■ Exercise objective
Write out the entries below once more, exactly, with the pictures left out.

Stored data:

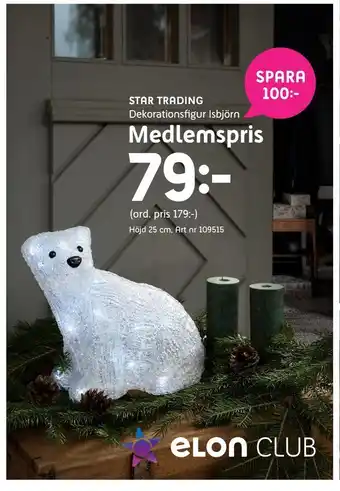 Elon Star trading erbjuda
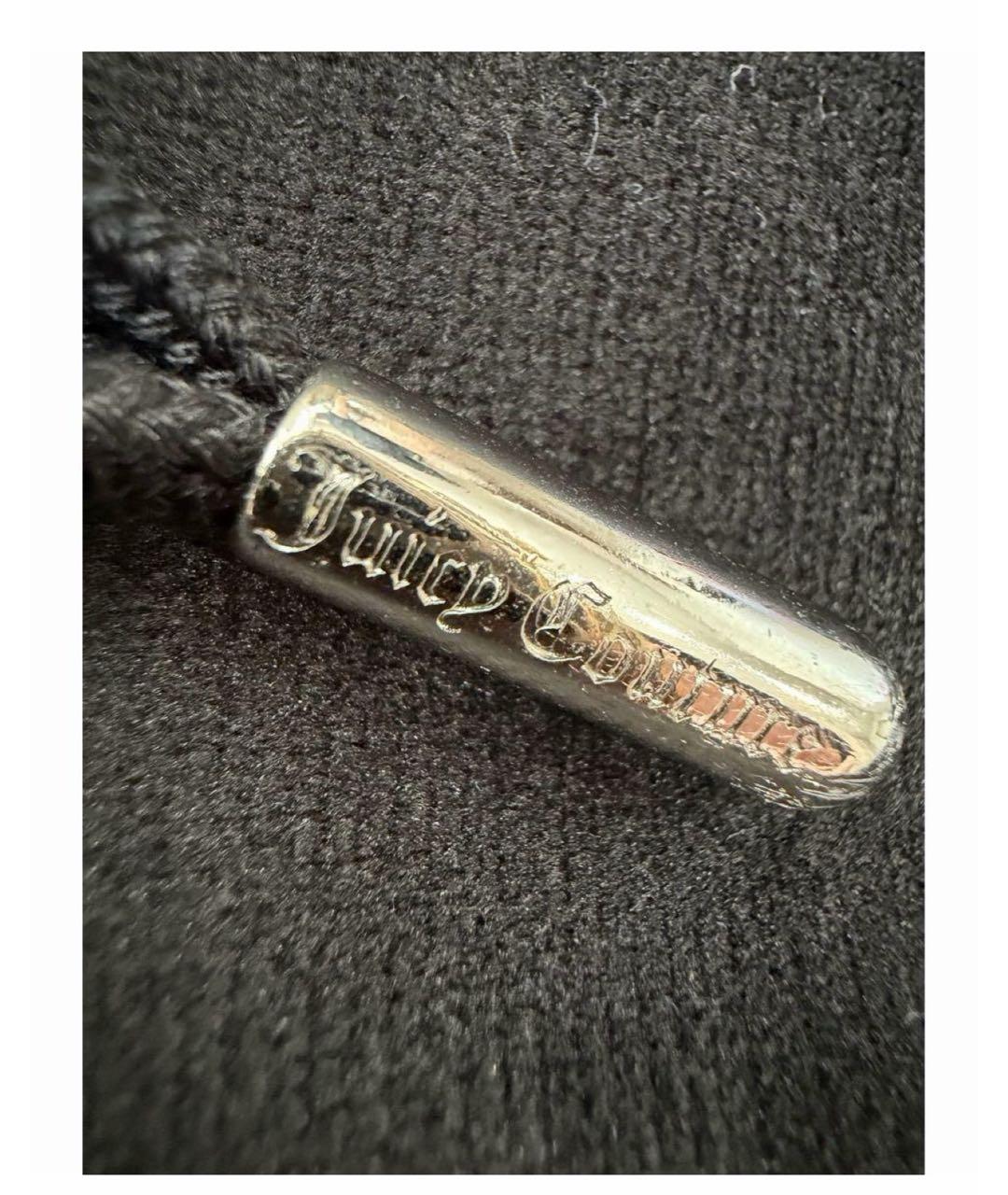 JUICY COUTURE Черные полиэстеровые прямые брюки, фото 7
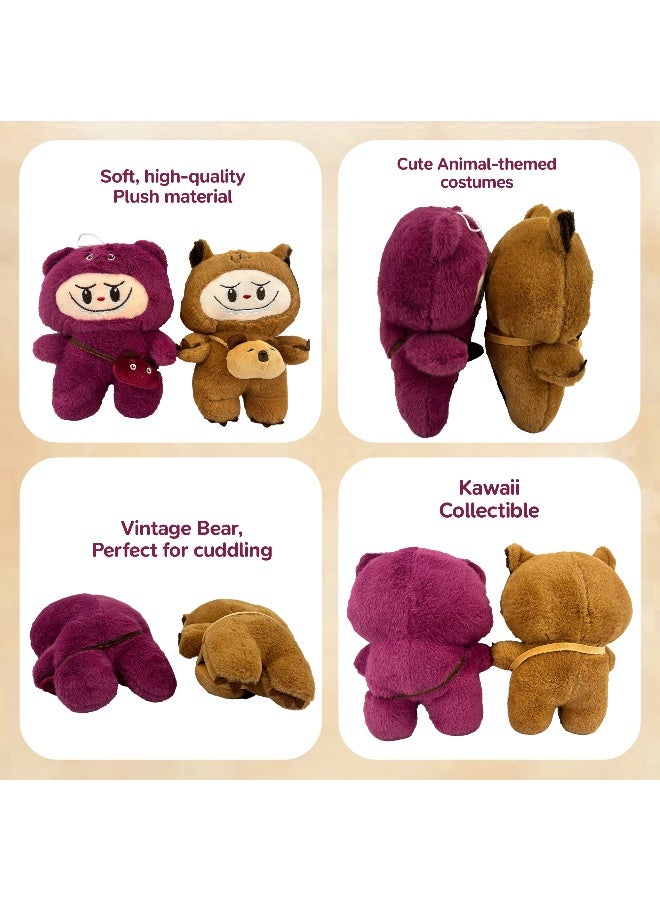 Galaxy Toys Gigglyboo 23Cm Plush Fabric Doll Soft Mini Stuffed Toy With Big Ears And Cute Embroidered Face Vintage Bear Assorted 1Pc  - Image 4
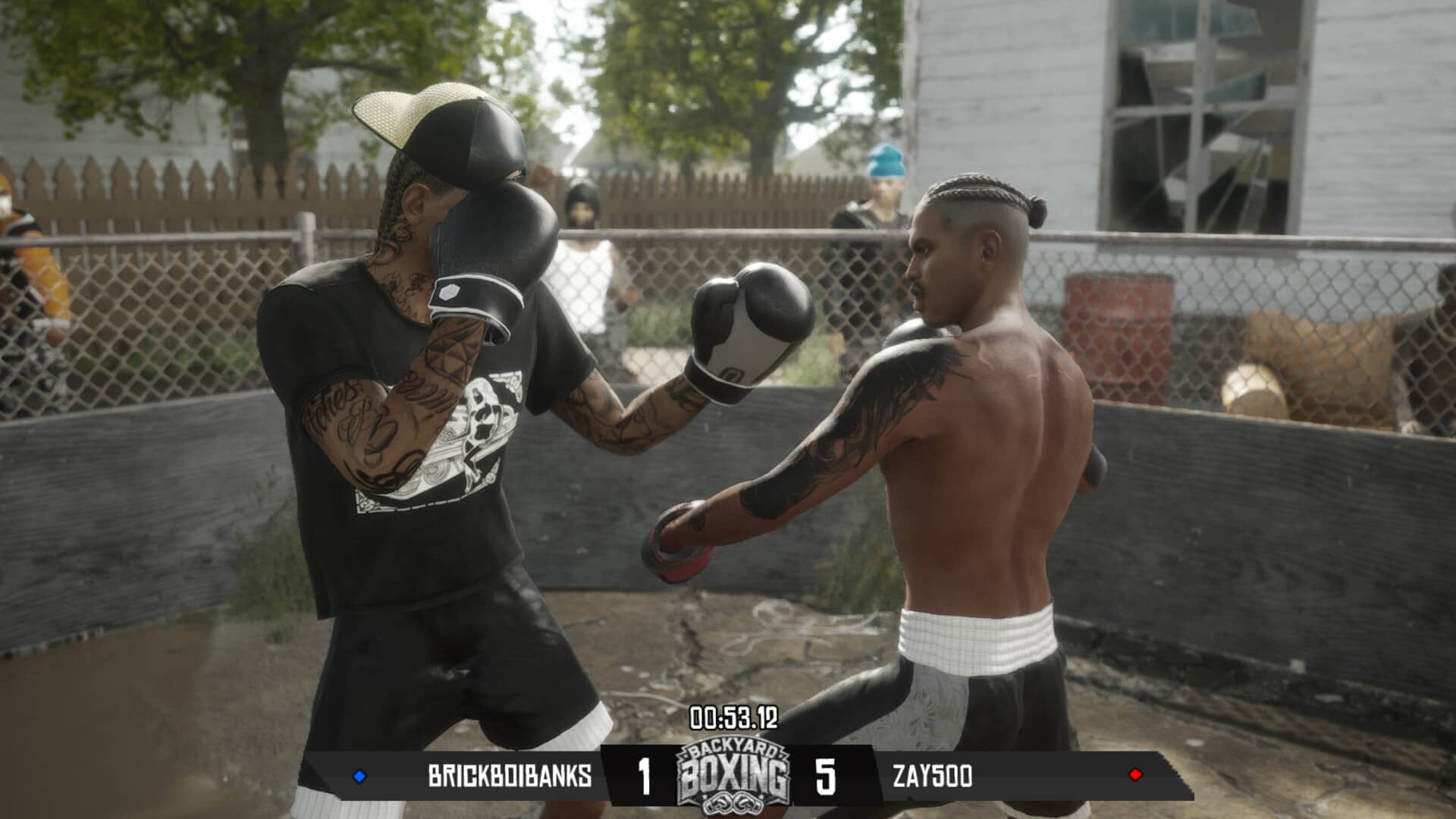 Gameplay Backyard Boxing – Trải nghiệm quyền anh đối kháng cực chất Hình ảnh gameplay Backyard Boxing – Trận đấu quyền anh đường phố căng thẳng và chân thực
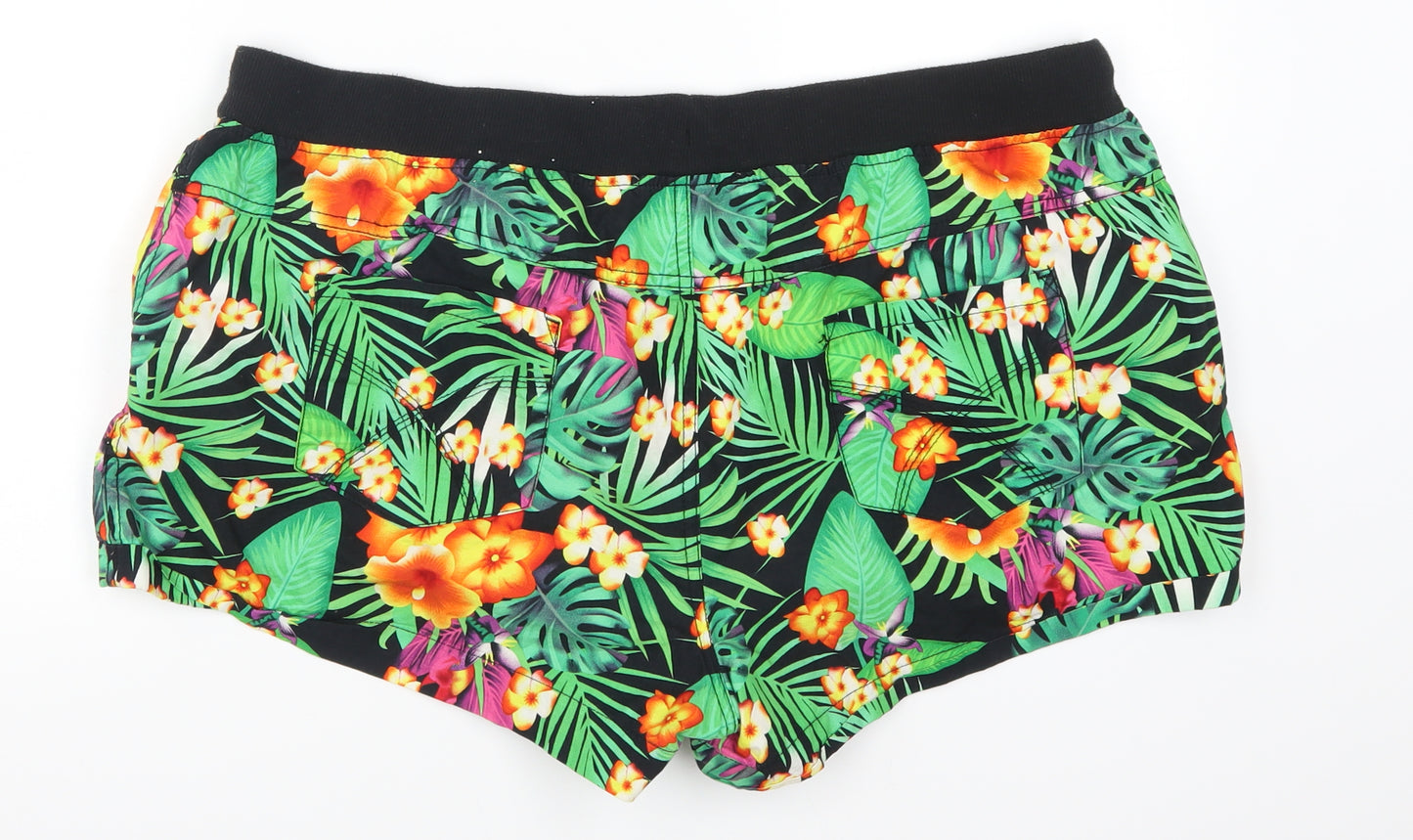 Atmosphere Womens Green Floral  Hot Pants Shorts Size 18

■ Result of this exercise
 Elon Star trading erbjuda
 JUICY COUTURE Черные полиэстеровые прямые брюки, фото 7
 Galaxy Toys Gigglyboo 23Cm Plush Fabric Doll Soft Mini Stuffed Toy With Big Ears And Cute Embroidered Face Vintage Bear Assorted 1Pc  - Image 4
 Gameplay Backyard Boxing – Trải nghiệm quyền anh đối kháng cực chất Hình ảnh gameplay Backyard Boxing – Trận đấu quyền anh đường phố căng thẳng và chân thực
 Atmosphere Womens Green Floral  Hot Pants Shorts Size 18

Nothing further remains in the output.